Problems only multiply when dealing with recent history. Semir Hambo, who teaches history at a school in Sarajevo that uses the Bosniak curriculum, says textbooks and teachers skirt controversial issues by giving a simple overview with just facts. For example, when covering the civil war, “the main points of the war are (told), just enough so the children know it actually happened,” he says.

A majority of Americans no longer trust the Supreme Court. Can it rebuild?

Many say this education system is pushing Bosnia's citizens further apart.

“If you don't have a common curriculum, if you don't agree about history, how can we make a modern political culture?” asks Dubravko Lovrenovic, a prominent historian and former deputy minister of education in the Federation of Bosnia and Herzegovina. “How can we create citizens of Bosnia and Herzegovina? How can we talk about a common future? We can only talk about division.”

But politicians here seem to like the educational divide. Dr. Lovrenovic says he tried to implement a common curriculum in the Federation more than a decade ago, but was rejected by Croat-majority cantons.

Damir Marjanovic, who spent nearly a year as minister of education in Sarajevo Canton, says some politicians use the nationalist issue as an excuse  to avoid reforming any aspect of education, even the non-controversial subjects.

"A neutron is a neutron in any language," he says. But “most politicians are using the story about language, history, and religion to do nothing about chemistry and biology.
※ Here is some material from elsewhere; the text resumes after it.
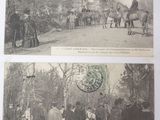two old postcards of people and horses in a wooded area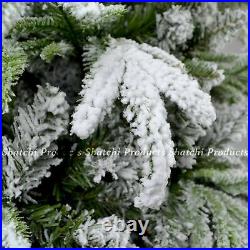 7ft Artificial Snow Covered Christmas Tree Metal Stand Xmas Decorations Decor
It's a political issue."

Avoiding controversy

Katarina Batarilo-Henschen, a research fellow at the Georg Eckert Institute for International Textbook Research, says that teachers have been urged to use a multi-perspective approach, particularly for contested issues. And multiple attempts to improve textbooks have resulted in incremental changes, such as removing terms considered offensive or presenting contested issues in a less controversial way.

But the multi-perspective approach has been difficult to implement in classrooms, and significant problems remain with the texts, Dr. Batarilo-Henschen says.
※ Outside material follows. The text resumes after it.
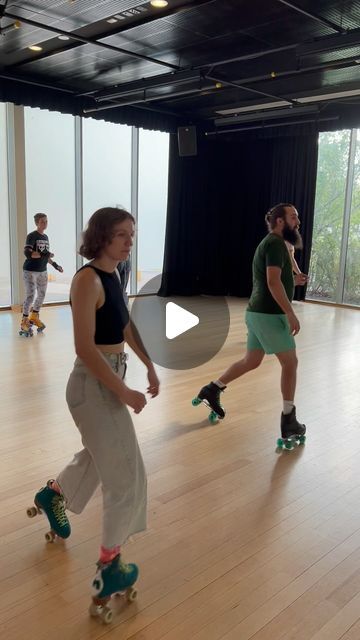 Matt and Amelia Wheeler on Instagram: "Drilling the ‘Emils’ at our @rollerfit Dance CBR intermediate class today 🛼 at the beautiful @belcoarts !  Video ID: A group of roller skaters dancing in sync. The skaters are in 3 lines all facing the same direction. They are all repeating a sequence where they skate backwards, briefly lift one leg and cross the ankle of the lifted leg over the other, straight leg, then place the lifted leg on the floor again. They then follow the sequence by repeating the move but with opposite legs and ankles. The skaters are in an indoor studio space with wide windows and a wooden floor. End description." Roller Skaters, Wide Windows, In Sync, Wooden Floor, Roller Derby, Roller Skating, Studio Space, A Group, Skating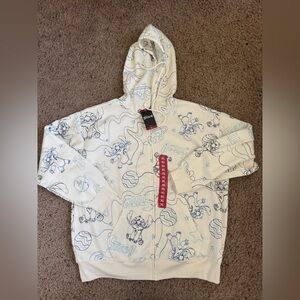 NWT Disney Stitch Cream Hoodie with Cartoon Print Womens size XL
Some nongovernmental organizations are trying get around the bureaucracy and politics by publishing supplemental workbooks for teachers.

The Center for Democracy and Reconstruction in Southeast Europe (CDRSEE) produced a booklet for history classrooms throughout the Balkans that uses primary sources to present differing perspectives on historical events, hoping to open students' minds and promote critical thinking. The organization is now in the process of producing a book that will cover more recent history, including the wars of the 1990s. The European Association of History Educators is also releasing a multi-perspective history workbook in Bosnia and other Balkan countries. Both organizations also conduct teacher training.

Batarilo-Henschen says such supplements and teacher trainings are beneficial. But she adds that the ideal solution may not be to force all students to use the same textbooks, but improve all curricula.

“I think it’s OK to have your own curriculum and your own history textbook," she says, but you have to use "the right approach to history teaching that will help you not to see the other one as a perpetrator, as an enemy.... [You have to teach] that many many events in history are being perceived differently from different views.”